Question

A particle executes simple harmonic oscillation with an amplitude $a$ . The period of oscillation is $T$ . The minimum time taken by the particle to travel half of the amplitude from the equilibrium position is
(A) $\dfrac{T}{4}$
(B) $\dfrac{T}{8}$
(C) $\dfrac{T}{{12}}$
(D) $\dfrac{T}{2}$

Answer 1

Use the formula of the simple harmonic motion given below and substitute the value of the displacement in it to find the value of the time taken. For the further simplification, the formula of the angular velocity is substituted to find the time taken.

Useful formula:
(1) The displacement equation of the particle that executes the simple harmonic motion is given as

$y = a\sin \omega t$

Where $y$ is the displacement of the particle, $a$ is the amplitude of the particle and the $\omega$ is the angular velocity and $t$ is the time taken.
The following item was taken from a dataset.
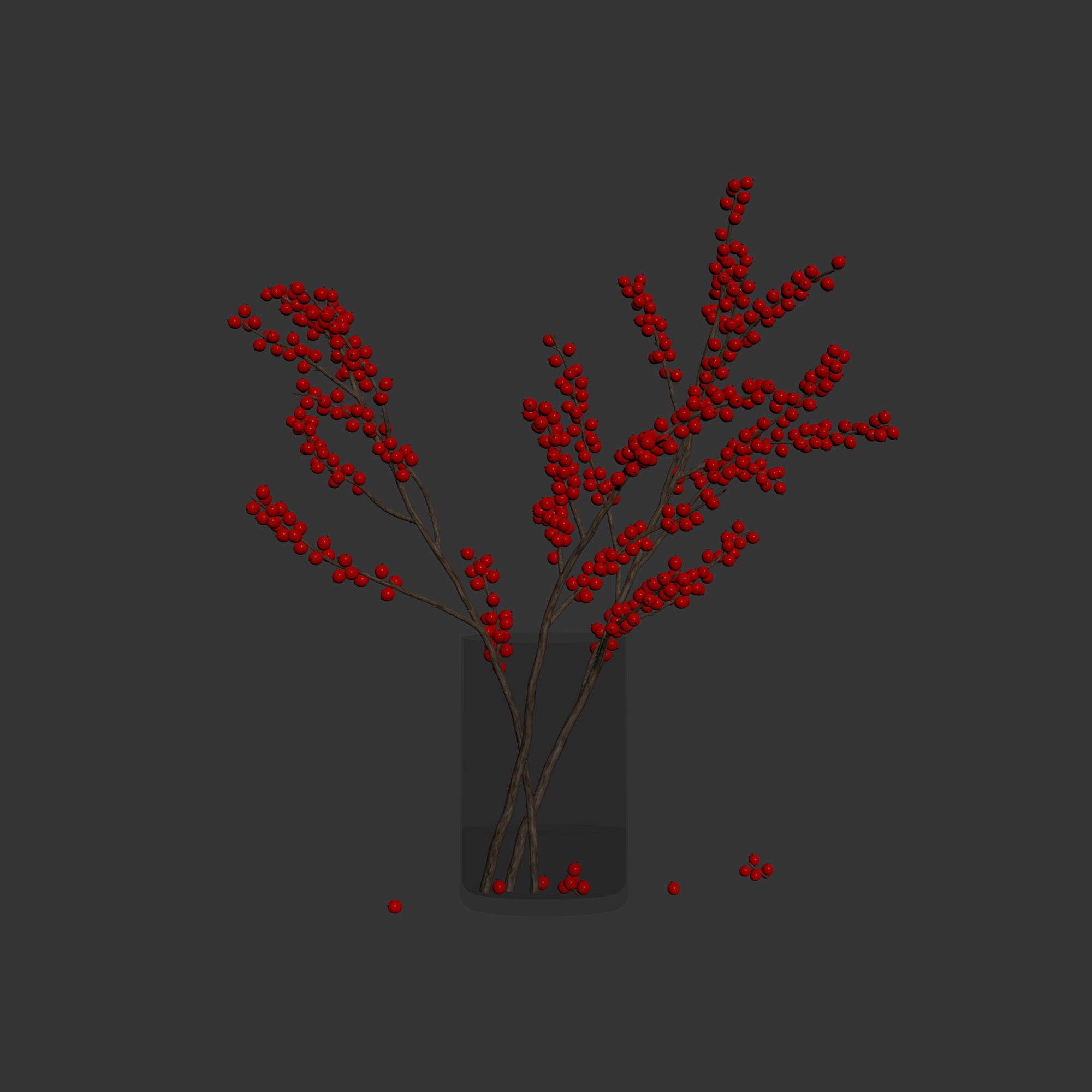 Dry flowers 12 Ilex 3D model_4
(2) The angular velocity is given as

$\omega = \dfrac{{2\pi }}{T}$

Where $T$ is the time period.

Complete step by step solution:
Using the displacement equation,

$y = a\sin \omega t$

Since the time is calculated for the distance of half the amplitude, the displacement is taken as half the amplitude,

$\dfrac{a}{2} = a\sin \omega t$

By cancelling the similar terms in both sides of the equation, we get

$\sin \omega t = \dfrac{1}{2}$
$\omega t = {\sin ^{ - 1}}\left( {\dfrac{1}{2}} \right)$

The value of the ${\sin ^{ - 1}}\left( {\dfrac{1}{2}} \right)$ is $\dfrac{\pi }{6}$ .

$\omega t = \dfrac{\pi }{6}$

To find the value of the time taken,

$t = \dfrac{\pi }{{6\omega }}$

Substituting the formula of the angular velocity in the above equation, we get

$t = \dfrac{\pi }{{6\dfrac{{2\pi }}{T}}}$

By simplifying the above equation, we get

$t = \dfrac{T}{{12}}$

Hence the time taken by the particle to travel the half of the amplitude is

$\dfrac{T}{{12}}$ .

Thus the option (C) is correct.

Note: The simple harmonic motion indicates the periodic motion in which the repetitive movement of the motion forth and the back, so that the displacement on one side is equal to the displacement of the other side. The time taken for the half of the amplitude is $\dfrac{T}{{12}}$ and that for the amplitude is $\dfrac{T}{6}$ .